The first number one of the year was "No Quiero Na' Regala'o" by Gilberto Santa Rosa, which had been in the top spot since the issue dated December 21, 1996, and spent a total of three weeks at this position. It was succeeded by Grupo Manía's song "Linda Eh", which remained on top of the chart for four weeks.
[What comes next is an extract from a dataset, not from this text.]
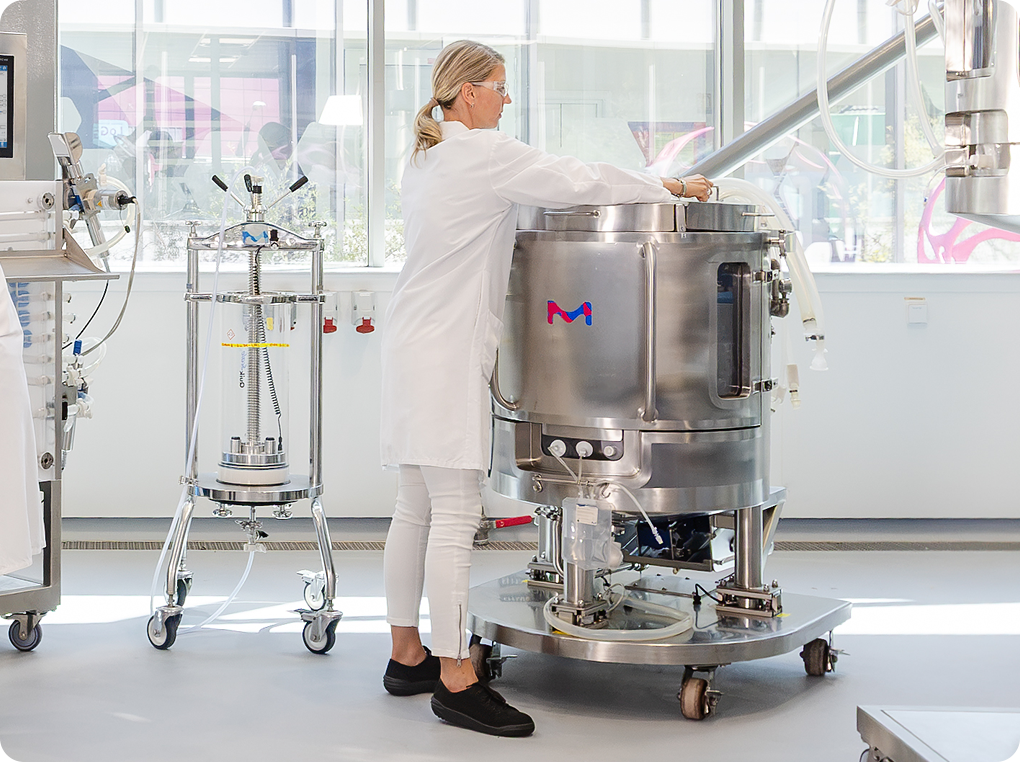 Scientist in front of single-use mixer Scientist in front of single-use mixer.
American singer Frankie Negrón released his debut album Con Amor Se Gana (1997), which was promoted by its singles "Inolvidable" (a cover version of Italian singer Laura Pausini's song) and "Hoy Me He Vuelto a Enamorar". Negrón spent 12 weeks at number one and "Inolvidable" was named the best-performing track of the year on the Tropical Airplay chart by the magazine. 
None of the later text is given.